Piotr Ożarowski (/pl/; 1725 – 9 May 1794 in Warsaw) was a Polish noble (szlachcic), politic and military commander. Member of the infamous Confederation of Targowica, he reached the offices of Great Crown Hetman and castellan of Wojnice.

Coat of arms of Ożarowski family - Rawicz (Vrsin)

Early supporter of king Stanisław August Poniatowski, he disapproved of his more liberal policies and threw his lot with the pro-Russian conservative faction. From 1789 he was recruited by Russian ambassador to Poland, Otto Magnus von Stackelberg. From Stackelberg he received a yearly pension from Russia (2000 ducats). He joined the Confederation of Targowica which was opposed to the reforms of the Great Sejm (particularly the Constitution of the 3 May).

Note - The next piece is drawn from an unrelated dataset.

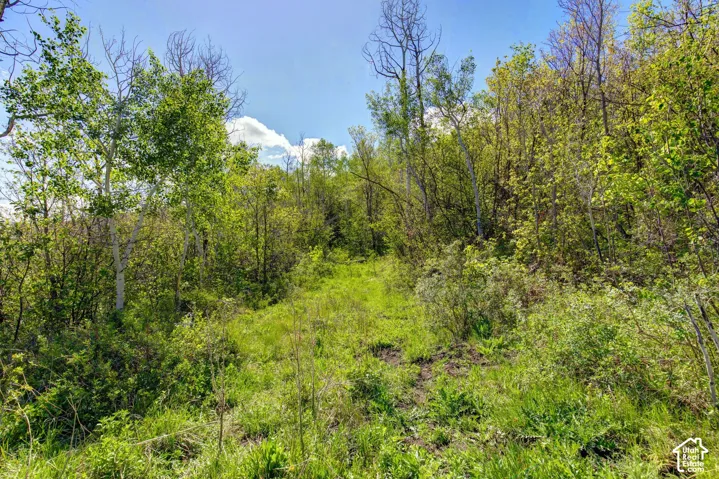 4967 S Woodland Way, Kamas, Utah 84036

In 1792 he became the commander of the Warsaw's garrison as well as of the Lesser Poland division. At the Grodno Sejm he supported the Second Partition of Poland and in 1793 he was nominated to the rank of Great Crown Hetman and commander of Warsaw. He acted as the messenger between Stanisław Szczęsny Potocki and king Poniatowski.

In the aftermath of the 1794 Warsaw Uprising, part of Kościuszko Uprising which was aimed against the Russian domination over Poland, he was captured by the insurrectionists, accused of treason, and sentenced to hanging by the revolutionary court; the sentence was carried out on 9 May on Warsaw Square, amidst the cheering crowds encouraged by the Polish Jacobins. Together with him, several other supporters of Targowica and Russian Empire were executed: Józef Ankwicz, bishop Józef Kossakowski and hetman Józef Zabiełło.

His son Adam Ożarowski made a career in the Russian military service.